(Image-caption web data)
#####

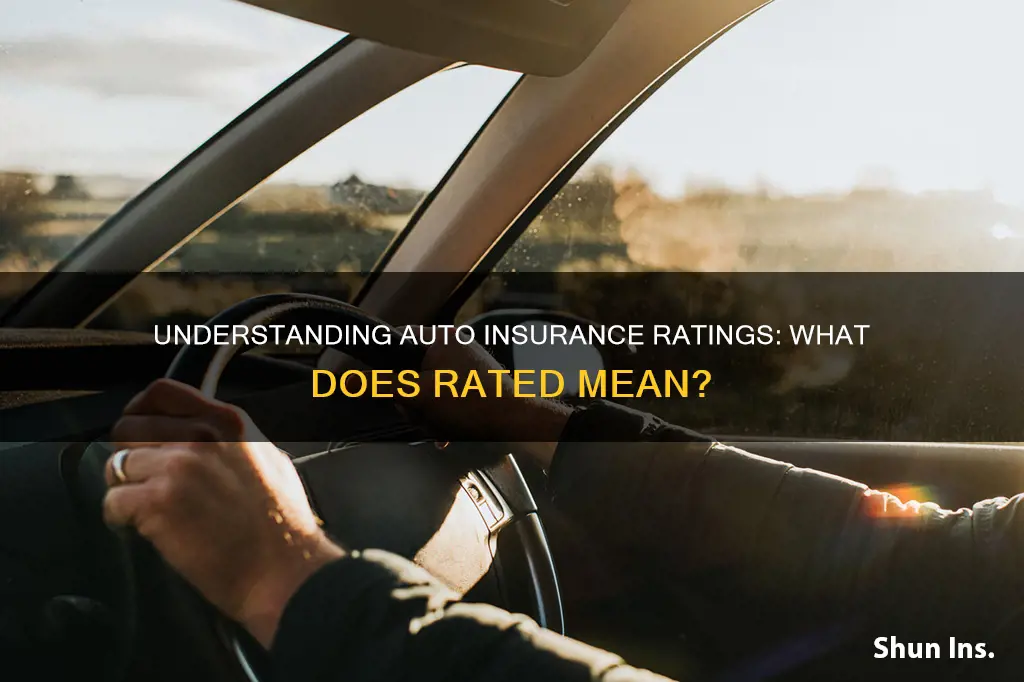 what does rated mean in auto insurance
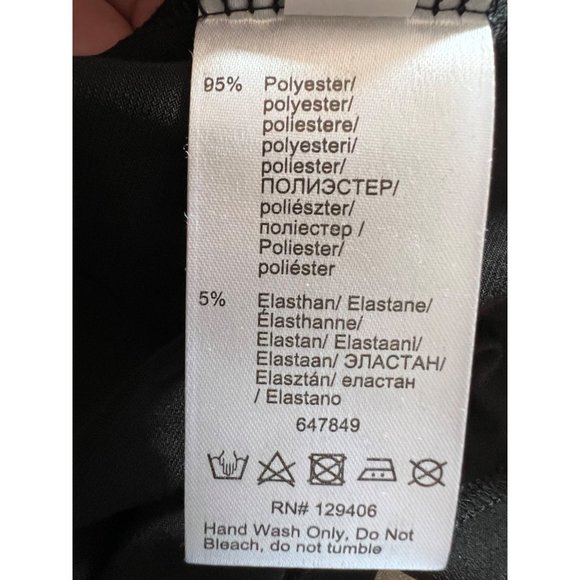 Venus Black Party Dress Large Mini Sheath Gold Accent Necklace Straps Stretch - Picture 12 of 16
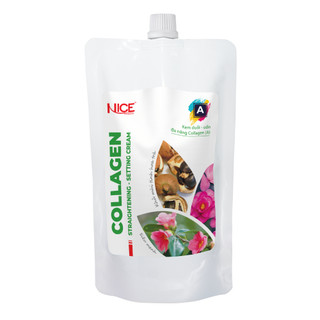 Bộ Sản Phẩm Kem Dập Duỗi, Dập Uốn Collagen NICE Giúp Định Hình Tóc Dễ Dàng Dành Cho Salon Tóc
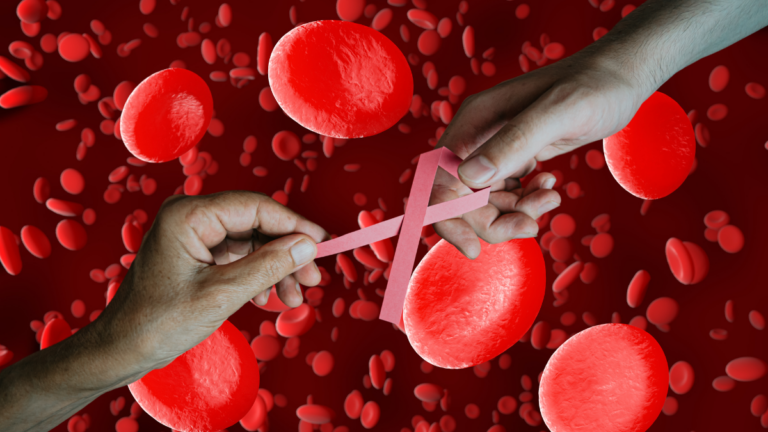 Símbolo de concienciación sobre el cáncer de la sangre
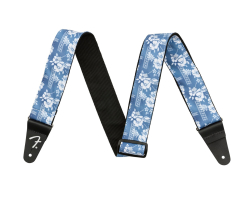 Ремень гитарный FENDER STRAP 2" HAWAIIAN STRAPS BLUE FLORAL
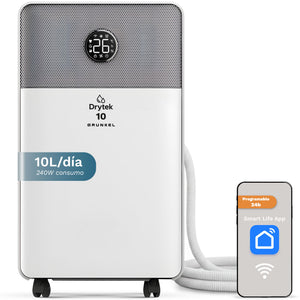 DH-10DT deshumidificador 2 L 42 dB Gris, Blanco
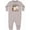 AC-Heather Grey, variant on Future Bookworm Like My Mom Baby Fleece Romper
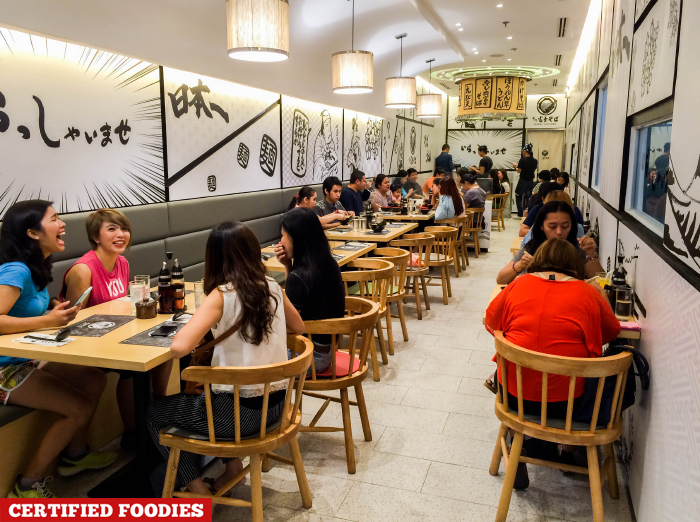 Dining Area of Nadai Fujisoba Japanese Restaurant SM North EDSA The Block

#####

_Problem_
Repeat exactly, please: transcribe each entry and leave out the pictures.

_Output_
 what does rated mean in auto insurance
 Venus Black Party Dress Large Mini Sheath Gold Accent Necklace Straps Stretch - Picture 12 of 16
 Bộ Sản Phẩm Kem Dập Duỗi, Dập Uốn Collagen NICE Giúp Định Hình Tóc Dễ Dàng Dành Cho Salon Tóc
 Símbolo de concienciación sobre el cáncer de la sangre
 Ремень гитарный FENDER STRAP 2" HAWAIIAN STRAPS BLUE FLORAL
 DH-10DT deshumidificador 2 L 42 dB Gris, Blanco
 AC-Heather Grey, variant on Future Bookworm Like My Mom Baby Fleece Romper
 Dining Area of Nadai Fujisoba Japanese Restaurant SM North EDSA The Block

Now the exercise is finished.